You get to the end of the book so excited that you want to jump out of your chair, call all your friends, hug everyone, quit wasting time, and go see the whole world–you want to do every important thing right now!

What a terrific book!

I saw this thing on a bookstore table, registered the fact that it was about Jeopardy! and automatically assumed it was some tawdry inside-dope kind of book — some axe-grinding revenge memoir or something. Instead, it sounds like a book I’d seriously want to read.

I tried to get on Jeopardy! as a contestant about eight years ago and the experience was fun in a mildly surrealistic way.

Even though Merv Griffin had already sold his interest in the show to King World, the audition was held in one of the conference rooms of what was then Griffin’s casino in Atlantic City. I stood with about fifty other people in a hallway lined with blown-up photos of Merv hobnobbing on his old talk show with the likes of Dinah Shore and Joey Bishop — names that would probably have tested the memory-capacity of even the most case-hardened Jeopardy buffs.

The first round was a written test — pretty straightforward questions on a variety of topics. We were then told to go down to the casino floor and wait for the list of names to be read off for the second round. I guess we were supposed to generate a little extra cash for the operation, but I hate gambling and casinos in general so I stood around sipping an overpriced Coca-Cola until I heard my name called off on the list.

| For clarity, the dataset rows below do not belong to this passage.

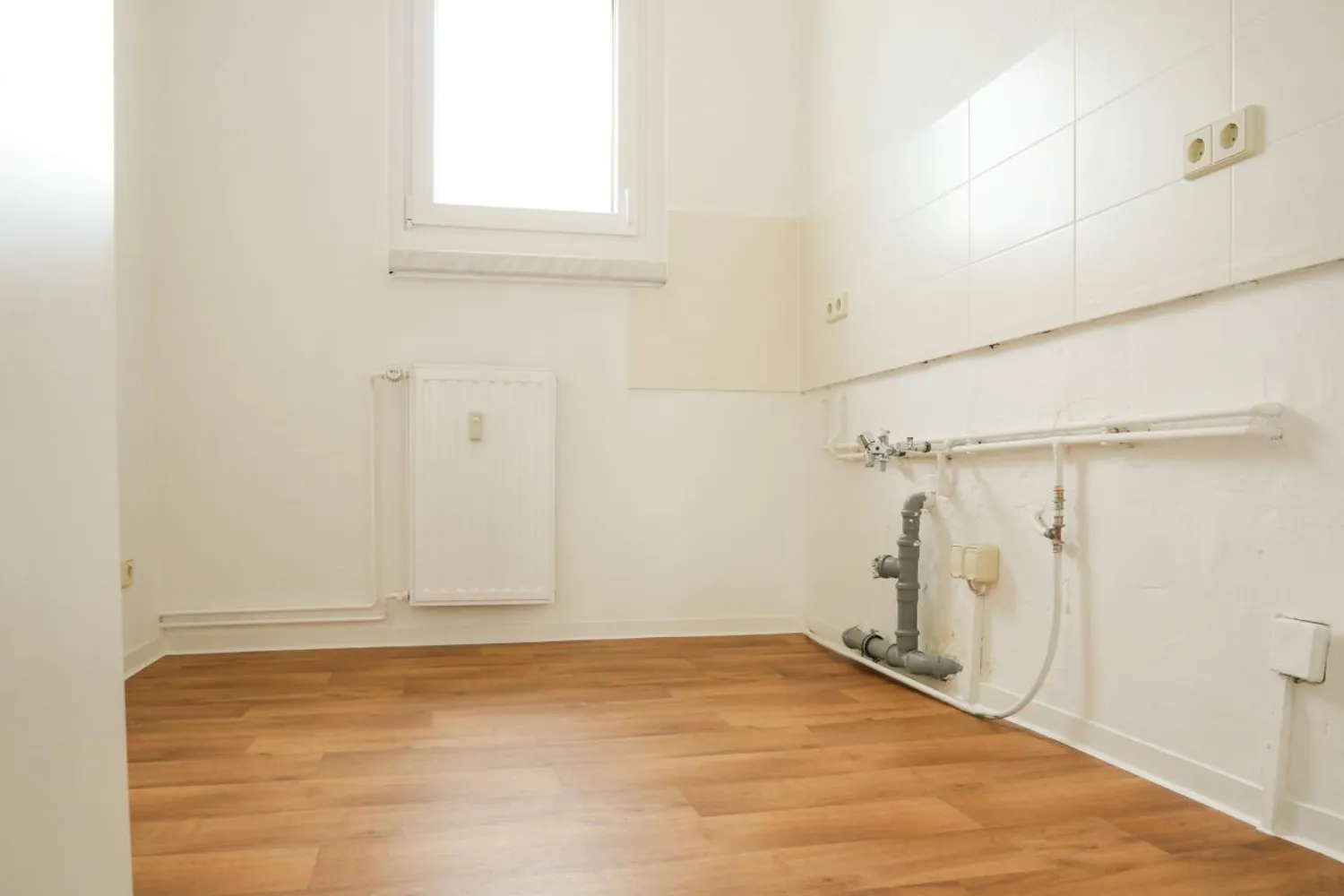 2 Zimmer Wohnung mit 50 m² in Magdeburg – Bild 5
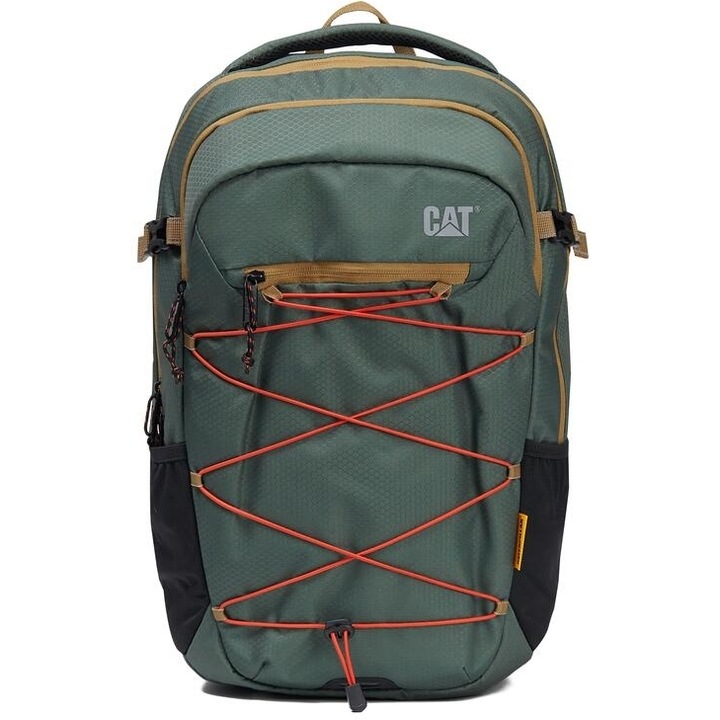 Rucsac Logan Caterpillar 25L, culoare neagra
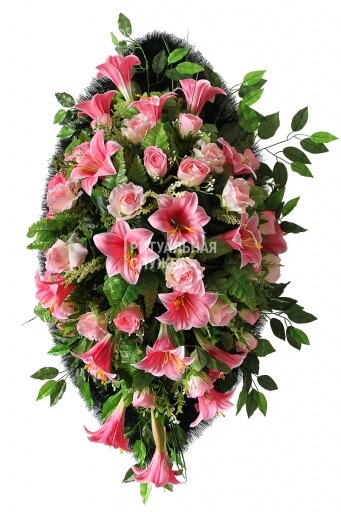 Венок "элит" Венок "элит"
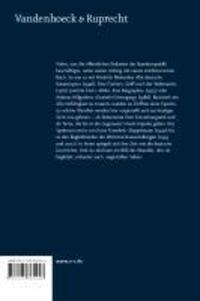 Rückseite: 9783525360248 | 50 Klassiker der Zeitgeschichte | Martin Sabrow (u. a.) | Buch | 2007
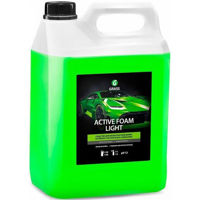 Produse chimice auto Grass Spuma Activa Active Foam Light 5 kg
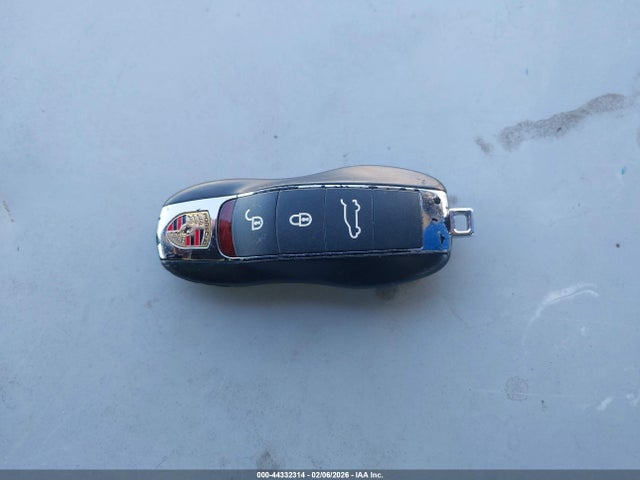 Aukcja sprzedaży 2015 Porsche Macan S, vin: WP1AB2A50FLB62852, numer aukcji: 44332314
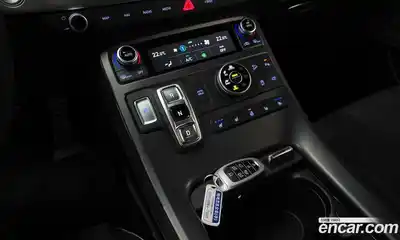 Hyundai Palisade 2023 2.2 автомат (гидро), миниатюра 9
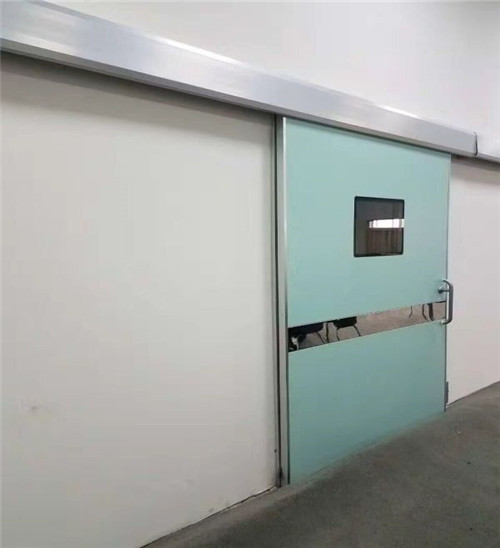 山西ct室防护门 ct室射线防护门 不锈钢铅板门 欢迎订购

The next round came a week later, in an even bigger conference room with a TV set. The voice of Alex Trebek filled the room, reading off answers as they flashed on the screen. The idea was to test our speed at working within the show’s answers-first-then-questions format.

I didn’t make the second cut, and since they didn’t reveal which answers I got wrong I don’t know if I blew it on the Famous Volcanos category or Foods That Start With Q. The next stage, I understand, would have been a dry-run version of the show designed to weed out people who might freeze up when required to think under bright lights and show-biz conditions.

Jeopardy! is the only TV game show I’d want to appear on, and I thought I had a decent shot at it. Whenever I watch it at the gym or the doctors office, I usually win a bundle of imaginary dollars.

Ah well. Maybe another time. Until then, it sounds like reading Prisoner of Trebekistan will be a good substitute.